While pirated software might initially sound harmless from a player’s standpoint, in reality, it’s more dangerous to customers than the developers. This is because the bottom line of a legitimate casino software company depends mostly on its reputation. The player, on the other hand, is exposed to many risks associated with possible modifications to the illicit games.
If you play a pirated casino game, you don’t have the guarantee that it will be fair – all the certificates and testing that are supposed to guarantee the original software is random simply don’t apply when it’s hosted outside the legal business framework. In practical terms, your odds of winning might be lower due to some background modifications, the random number generator that delivers the results might be biased towards certain outcomes, and you won’t have access to the real progressive jackpot pool because it exists exclusively on the legitimate network.
And if that wasn’t bad enough, you won’t be sure whether you’re being cheated or not unless you perform a statistical analysis. Needless to say, if you have enough data to make it meaningful and the rogue operator really is cheating, your money will be gone by then.
Rogue or just unethical casinos can make it difficult for players to claim their match deposit bonuses or withdraw bonus winnings by structuring their Terms and Conditions in a dishonest way. For example, a shady casino can make the bonus playthrough next to impossible to complete, or so risky that trying to complete it will likely grind your account down to zero.
Another somewhat common scam tactic is to introduce a limit on winnings that can be earned with bonus money. That way, you can theoretically still win, but the casino protects itself from being forced to honor a big payout if you get lucky, and thus the expected value of the whole bonus becomes negligible or even negative. A particularly insidious variation of this scheme is to cap the bonus based on total deposits and request the player to make an additional deposit in order to withdraw bonus winnings.
Should you ever be confronted with a casino that makes such demands, your best course of action would be to cash out as much as you can, cut your losses, and join another US-friendly online casino instead. Never give such scammers what they want.
Dishonest casinos that are one step shy of engaging in outright criminal activity or sites that are simply poorly run or small sometimes force their customers to abide by excessively low withdrawal limits.

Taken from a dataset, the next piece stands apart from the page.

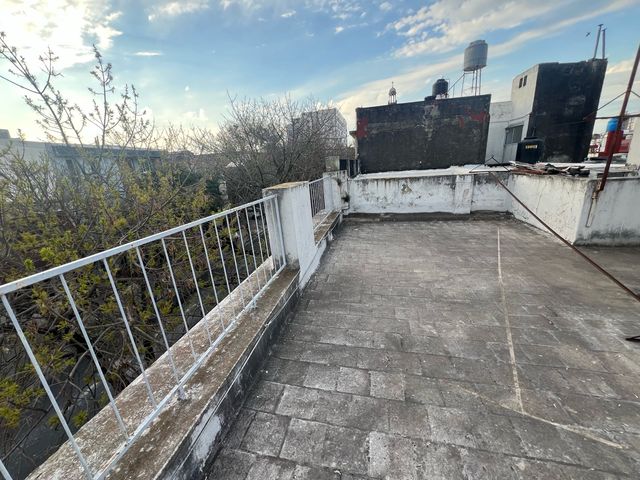 place photo 18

While this is a major red flag, you should be aware that not every site that enforces limits necessarily wants to defraud you.
In some cases, the operator might have a legitimate reason to put them in place, as not every site is capable of handling big requests right away. If you’re dealing with a legitimate operator that has those limits, you will typically be paid in chunks.
However, payout limits can also allow a rogue operator to play for time while keeping you on the hook and maintaining an aura of legitimacy in the online casino community. In such a case, you can expect your attempts at withdrawing all of your winnings to be faced with problems further down the line, especially if the casino keeps asking you for additional deposits.
In the end, if you notice that a particular casino has withdrawal limits that look problematic against the size of your potential payout, you should always double-check whether you really are dealing with a reputable operator.
General advice aside, we prepared a convenient list of verified bad apples that provides you with some basic information regarding their past stunts. Avoid the sites below like the plague, and play at the safest casinos and real-money casino apps instead.
Virtual Casino Group is owned by Navtej Kohli, also known as Tej Kohli. Kohli made his fortune during the dot-com bubble by selling e-commerce software. In 1994, he was charged with mail fraud and conspiracy in California for a scam that involved convincing homeowners to sell their properties to sham buyers. Between 1995 and 1999, Kohli served time in federal prison. In the 2000s, he resurfaced in Costa Rica, where he launched an online gambling business.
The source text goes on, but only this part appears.